1- Iron Chef (Japan) - Plenty of people hate this show and think it’s terribly gimmicky, but it’s exactly that kitschiness that I love.  From the bad dubbing and voice-overs, to the cardboard cutout-like poses of each of the chefs, it’s so over the top that you can’t look away.  A few things I especially loved about this program were the Prince of Pasta’s rising out of the floor second-rate intro, the floor reporter always calling for Fukui-san (which to this day I still think of as squeegee-san), and the papi (grandfather-like) Japanese chef Rokusaburo Michiba.  Attempting to watch the American version proves that it literally pales in comparison, and as I’ve noted before, I can’t even be bothered to watch unless Jeffrey Steingarten is on.

2- The Urban Peasant - Watching reruns of this show today is proof that the sands of time can soften memories.  When I was younger I was transfixed by James Barber drunkenly cooking up a storm, but when you revisit the show now, you realize how unappetizing and unsanitary his food and preparation are.  I liken that time in food TV to the wild west; an era where people did not know better, or necessarily realize what would make good TV.  It was definitely the polar opposite of the hyper-stylized completely pre-prepared Rachel Ray type shows we have today, and for that reason alone, it makes it on my list.  Plus, you can’t deny that he always looked like he was having a rollicking good time!

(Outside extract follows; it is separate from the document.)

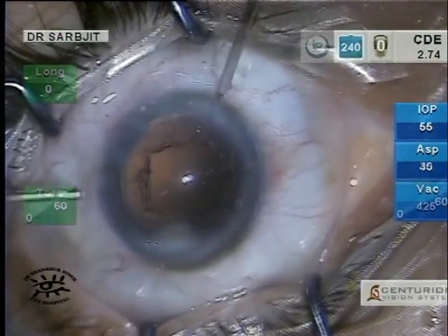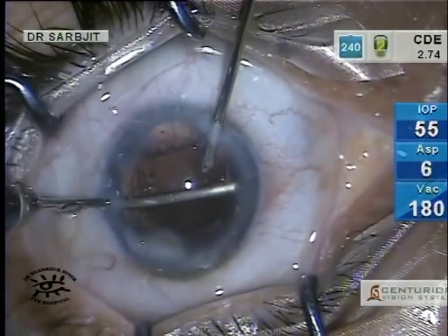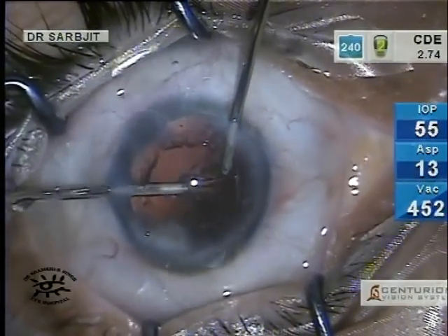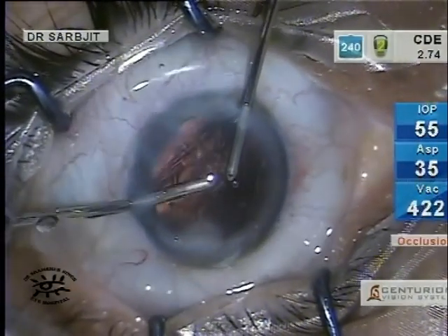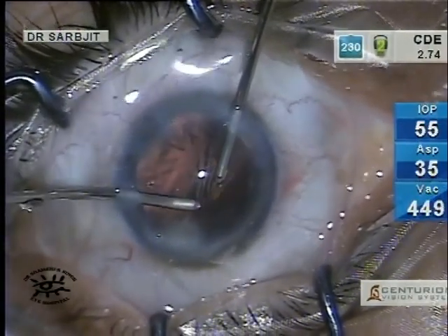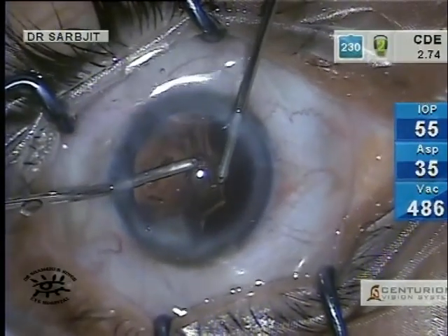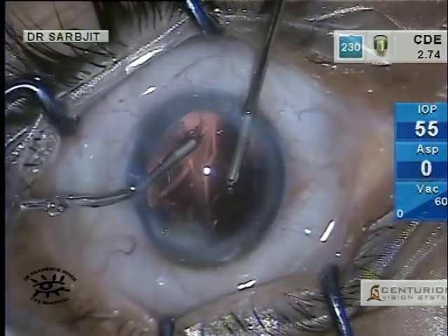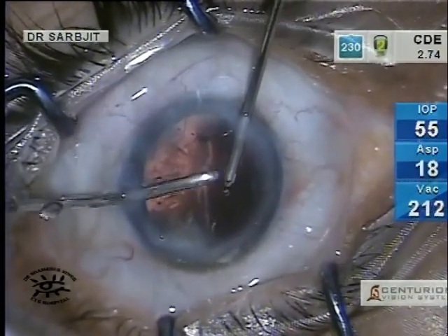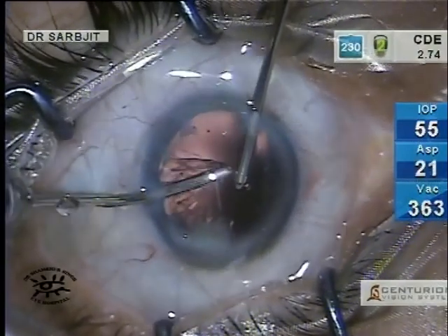I usually inject some viscoelastic at this stage for more protection of the endothelium and do a bimanual irrigation aspiration. Notice that the anterior chamber is very stable — there is no surge at all even at quite a high vacuum.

3- Good Eats - Long before Alton Brown became the affable, American version of Shinichiro Ohta, there was (and still is) Good Eats.  A show for the food geek in all of us, Alton managed to combine science, cooking and some unique comic performances into one tight and tasty package.  Always informative, the show specialized in not only teaching you the recipe, but explaining the why behind the recipe too.  I value Alton Brown’s opinion so much that when I once saw a $200 blender on one episode, I ordered it the very next day.  And while the RPM turned out to be nothing more than a flashy kitchen gadget with a tachometer, the show’s cooking advice has never steered me wrong.

4- Cook Like A Chef - I’m almost positive this show never aired outside of Canada, but I couldn’t help but include this small piece of Canadiana.  The premise behind Cook Like A Chef was a revolving cast of great Canadian chefs, showcasing their unique talents for the world to a cool, jazzy tune with lots of 360* shots.  Typically each episode consisted of 2 or 3 segments of the chefs preparing tasting portions of their signature dishes.  Notable names attached to the project included Ned Bell, Michael Bonacini and Carolyn McCann Bizjak, most of whom are probably unknown outside of the Great White North anyway.  While the show originally aired in 2001 shortly after the Food Network’s Canadian inception, it’s been enjoying somewhat of a renaissance now that the Food Network has put a greater focus on Canadian content again.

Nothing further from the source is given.